# 🧠 Sentiment Model Training – BERT (HuggingFace Transformers)
This notebook loads or fine-tunes a transformer model for sentiment classification using HuggingFace.

## 🔧 Step 1: Install and import required libraries

In [None]:
!pip install transformers datasets scikit-learn --quiet

In [None]:

import pandas as pd
import numpy as np
from datasets import load_dataset
from transformers import AutoTokenizer, AutoModelForSequenceClassification, TrainingArguments, Trainer
from transformers import DataCollatorWithPadding
from sklearn.metrics import accuracy_score, precision_recall_fscore_support
import torch


## 📦 Step 2: Load Dataset

In [None]:

# Load IMDB movie review dataset
dataset = load_dataset("imdb")
dataset = dataset.shuffle(seed=42)
dataset["train"] = dataset["train"].select(range(3000))  # keep it small for demo
dataset["test"] = dataset["test"].select(range(1000))


## 🧼 Step 3: Tokenization

In [None]:

checkpoint = "distilbert-base-uncased"
tokenizer = AutoTokenizer.from_pretrained(checkpoint)

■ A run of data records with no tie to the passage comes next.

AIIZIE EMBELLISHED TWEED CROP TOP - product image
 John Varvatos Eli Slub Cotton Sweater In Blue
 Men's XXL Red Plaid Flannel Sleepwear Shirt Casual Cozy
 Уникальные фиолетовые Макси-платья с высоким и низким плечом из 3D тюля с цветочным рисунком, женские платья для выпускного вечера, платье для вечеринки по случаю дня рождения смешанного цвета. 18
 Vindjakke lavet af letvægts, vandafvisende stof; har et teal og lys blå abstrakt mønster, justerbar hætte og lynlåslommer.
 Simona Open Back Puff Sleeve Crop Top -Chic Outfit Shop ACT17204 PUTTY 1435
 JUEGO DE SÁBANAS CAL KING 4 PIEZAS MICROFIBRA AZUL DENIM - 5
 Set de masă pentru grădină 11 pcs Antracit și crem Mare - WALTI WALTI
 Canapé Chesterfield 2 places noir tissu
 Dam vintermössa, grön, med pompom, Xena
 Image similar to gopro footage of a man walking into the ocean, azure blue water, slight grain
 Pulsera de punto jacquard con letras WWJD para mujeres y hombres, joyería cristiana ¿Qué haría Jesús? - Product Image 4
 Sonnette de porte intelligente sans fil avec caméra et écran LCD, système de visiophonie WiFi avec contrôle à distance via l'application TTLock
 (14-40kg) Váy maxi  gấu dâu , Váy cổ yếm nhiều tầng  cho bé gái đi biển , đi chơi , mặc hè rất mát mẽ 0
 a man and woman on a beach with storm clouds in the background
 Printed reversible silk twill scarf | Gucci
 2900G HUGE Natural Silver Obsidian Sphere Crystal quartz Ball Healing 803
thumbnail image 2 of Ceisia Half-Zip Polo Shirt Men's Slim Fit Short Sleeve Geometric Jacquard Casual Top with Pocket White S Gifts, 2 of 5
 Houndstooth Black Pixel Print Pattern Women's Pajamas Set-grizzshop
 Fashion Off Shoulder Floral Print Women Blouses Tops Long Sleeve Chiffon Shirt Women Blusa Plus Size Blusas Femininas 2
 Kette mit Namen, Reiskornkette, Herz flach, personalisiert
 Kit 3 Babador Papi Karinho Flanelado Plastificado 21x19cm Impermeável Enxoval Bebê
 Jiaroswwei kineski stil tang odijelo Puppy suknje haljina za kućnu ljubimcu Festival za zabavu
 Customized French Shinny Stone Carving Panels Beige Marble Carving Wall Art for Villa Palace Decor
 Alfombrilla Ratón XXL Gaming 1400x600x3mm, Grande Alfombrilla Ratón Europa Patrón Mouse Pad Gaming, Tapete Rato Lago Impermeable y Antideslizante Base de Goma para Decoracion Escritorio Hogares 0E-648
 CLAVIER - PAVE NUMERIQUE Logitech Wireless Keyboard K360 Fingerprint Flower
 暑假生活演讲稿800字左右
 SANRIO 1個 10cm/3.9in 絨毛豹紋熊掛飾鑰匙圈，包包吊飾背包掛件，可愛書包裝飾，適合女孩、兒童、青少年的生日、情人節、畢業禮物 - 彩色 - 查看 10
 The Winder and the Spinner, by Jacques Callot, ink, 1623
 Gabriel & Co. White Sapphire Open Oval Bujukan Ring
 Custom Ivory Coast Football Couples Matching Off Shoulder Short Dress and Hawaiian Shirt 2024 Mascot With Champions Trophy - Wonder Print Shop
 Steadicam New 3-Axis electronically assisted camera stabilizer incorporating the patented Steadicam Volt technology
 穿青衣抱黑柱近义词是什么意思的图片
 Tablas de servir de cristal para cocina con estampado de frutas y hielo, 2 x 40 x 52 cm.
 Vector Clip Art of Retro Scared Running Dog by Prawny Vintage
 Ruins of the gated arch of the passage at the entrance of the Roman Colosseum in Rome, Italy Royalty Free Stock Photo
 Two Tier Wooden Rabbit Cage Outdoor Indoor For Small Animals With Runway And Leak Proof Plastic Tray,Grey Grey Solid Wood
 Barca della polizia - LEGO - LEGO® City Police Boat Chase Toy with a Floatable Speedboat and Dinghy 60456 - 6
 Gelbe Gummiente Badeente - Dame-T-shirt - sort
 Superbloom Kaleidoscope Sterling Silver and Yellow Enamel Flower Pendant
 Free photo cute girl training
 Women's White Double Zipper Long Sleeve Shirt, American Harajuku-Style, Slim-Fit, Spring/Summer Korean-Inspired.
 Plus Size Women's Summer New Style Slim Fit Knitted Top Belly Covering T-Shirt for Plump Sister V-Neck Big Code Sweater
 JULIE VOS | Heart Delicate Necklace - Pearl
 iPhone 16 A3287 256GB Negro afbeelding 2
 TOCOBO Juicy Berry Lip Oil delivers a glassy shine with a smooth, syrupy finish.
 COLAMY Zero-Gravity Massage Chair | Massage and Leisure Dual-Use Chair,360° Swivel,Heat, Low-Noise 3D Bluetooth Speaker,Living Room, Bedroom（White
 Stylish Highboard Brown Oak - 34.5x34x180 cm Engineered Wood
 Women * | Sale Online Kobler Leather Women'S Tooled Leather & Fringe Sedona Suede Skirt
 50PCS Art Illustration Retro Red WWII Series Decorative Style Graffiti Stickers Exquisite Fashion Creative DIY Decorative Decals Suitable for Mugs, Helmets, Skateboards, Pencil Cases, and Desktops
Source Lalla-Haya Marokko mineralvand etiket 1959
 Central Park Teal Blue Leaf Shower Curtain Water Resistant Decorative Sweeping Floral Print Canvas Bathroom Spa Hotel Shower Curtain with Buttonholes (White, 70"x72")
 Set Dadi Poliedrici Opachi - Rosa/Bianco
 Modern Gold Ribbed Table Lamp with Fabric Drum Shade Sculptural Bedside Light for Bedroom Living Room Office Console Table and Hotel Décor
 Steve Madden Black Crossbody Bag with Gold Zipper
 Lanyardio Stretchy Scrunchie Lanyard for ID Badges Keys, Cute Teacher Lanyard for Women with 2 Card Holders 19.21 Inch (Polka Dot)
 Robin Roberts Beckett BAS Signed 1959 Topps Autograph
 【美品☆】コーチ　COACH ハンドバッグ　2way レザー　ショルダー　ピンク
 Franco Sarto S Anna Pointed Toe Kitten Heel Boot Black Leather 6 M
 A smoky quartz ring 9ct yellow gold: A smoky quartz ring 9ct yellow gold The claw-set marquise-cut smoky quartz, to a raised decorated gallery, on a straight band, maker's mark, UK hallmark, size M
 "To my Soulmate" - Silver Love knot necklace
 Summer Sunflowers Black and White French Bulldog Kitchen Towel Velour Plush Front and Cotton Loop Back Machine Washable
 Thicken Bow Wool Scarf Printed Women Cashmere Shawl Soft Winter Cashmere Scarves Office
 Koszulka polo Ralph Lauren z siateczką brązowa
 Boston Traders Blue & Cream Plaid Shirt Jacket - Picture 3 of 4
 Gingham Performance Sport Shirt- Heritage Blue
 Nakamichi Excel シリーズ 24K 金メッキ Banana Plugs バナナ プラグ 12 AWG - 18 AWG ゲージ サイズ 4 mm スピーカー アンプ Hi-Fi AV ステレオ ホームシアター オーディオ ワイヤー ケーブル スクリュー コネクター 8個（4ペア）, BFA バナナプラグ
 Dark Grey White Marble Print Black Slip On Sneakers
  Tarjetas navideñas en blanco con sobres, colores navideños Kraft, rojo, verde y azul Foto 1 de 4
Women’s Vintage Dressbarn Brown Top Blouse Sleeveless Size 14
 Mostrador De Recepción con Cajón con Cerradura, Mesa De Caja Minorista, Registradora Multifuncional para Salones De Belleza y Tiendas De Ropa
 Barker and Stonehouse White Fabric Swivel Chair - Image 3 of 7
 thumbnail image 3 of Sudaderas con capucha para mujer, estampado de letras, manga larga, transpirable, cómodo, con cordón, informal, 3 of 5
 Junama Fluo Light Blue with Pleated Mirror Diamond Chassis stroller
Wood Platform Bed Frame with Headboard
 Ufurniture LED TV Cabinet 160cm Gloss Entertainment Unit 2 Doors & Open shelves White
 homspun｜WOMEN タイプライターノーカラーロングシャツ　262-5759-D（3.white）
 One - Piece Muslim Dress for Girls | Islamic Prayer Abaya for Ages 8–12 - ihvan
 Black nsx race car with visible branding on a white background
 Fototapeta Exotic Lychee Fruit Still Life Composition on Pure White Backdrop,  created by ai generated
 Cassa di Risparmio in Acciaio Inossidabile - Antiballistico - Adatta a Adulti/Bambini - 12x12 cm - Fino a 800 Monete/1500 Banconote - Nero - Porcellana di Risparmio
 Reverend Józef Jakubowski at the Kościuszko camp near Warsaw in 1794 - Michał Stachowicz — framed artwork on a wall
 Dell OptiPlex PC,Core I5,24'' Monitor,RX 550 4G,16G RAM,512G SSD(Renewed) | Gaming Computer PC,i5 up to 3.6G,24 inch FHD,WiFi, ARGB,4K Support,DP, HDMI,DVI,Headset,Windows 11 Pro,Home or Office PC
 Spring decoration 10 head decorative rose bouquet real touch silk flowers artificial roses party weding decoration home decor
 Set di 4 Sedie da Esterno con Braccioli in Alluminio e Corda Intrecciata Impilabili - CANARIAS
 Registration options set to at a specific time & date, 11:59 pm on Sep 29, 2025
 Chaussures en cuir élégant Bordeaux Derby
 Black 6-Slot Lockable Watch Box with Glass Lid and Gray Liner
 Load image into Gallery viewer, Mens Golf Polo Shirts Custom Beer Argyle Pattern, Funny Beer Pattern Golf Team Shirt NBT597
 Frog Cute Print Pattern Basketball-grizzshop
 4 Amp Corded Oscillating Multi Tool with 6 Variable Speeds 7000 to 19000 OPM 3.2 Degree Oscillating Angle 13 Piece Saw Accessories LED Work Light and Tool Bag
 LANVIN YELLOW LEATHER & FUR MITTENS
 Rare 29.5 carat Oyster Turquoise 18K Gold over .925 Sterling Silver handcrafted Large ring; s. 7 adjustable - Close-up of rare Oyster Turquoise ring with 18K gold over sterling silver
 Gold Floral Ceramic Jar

def tokenize_function(example):
    return tokenizer(example["text"], truncation=True)

tokenized_datasets = dataset.map(tokenize_function, batched=True)


## 🧠 Step 4: Define Model and Trainer

In [None]:

model = AutoModelForSequenceClassification.from_pretrained(checkpoint, num_labels=2)
data_collator = DataCollatorWithPadding(tokenizer=tokenizer)

def compute_metrics(eval_pred):
    predictions, labels = eval_pred
    preds = np.argmax(predictions, axis=1)
    acc = accuracy_score(labels, preds)
    precision, recall, f1, _ = precision_recall_fscore_support(labels, preds, average='binary')
    return {"accuracy": acc, "f1": f1, "precision": precision, "recall": recall}


In [None]:

training_args = TrainingArguments(
    output_dir="./model",
    evaluation_strategy="epoch",
    per_device_train_batch_size=8,
    per_device_eval_batch_size=8,
    num_train_epochs=2,
    save_strategy="epoch",
    logging_dir="./logs",
    logging_steps=10,
)

trainer = Trainer(
    model=model,
    args=training_args,
    train_dataset=tokenized_datasets["train"],
    eval_dataset=tokenized_datasets["test"],
    tokenizer=tokenizer,
    data_collator=data_collator,
    compute_metrics=compute_metrics,
)

trainer.train()


## 💾 Step 5: Save Model

In [None]:

trainer.save_model("model/sentiment-bert")
tokenizer.save_pretrained("model/sentiment-bert")
print("✅ Model and tokenizer saved.")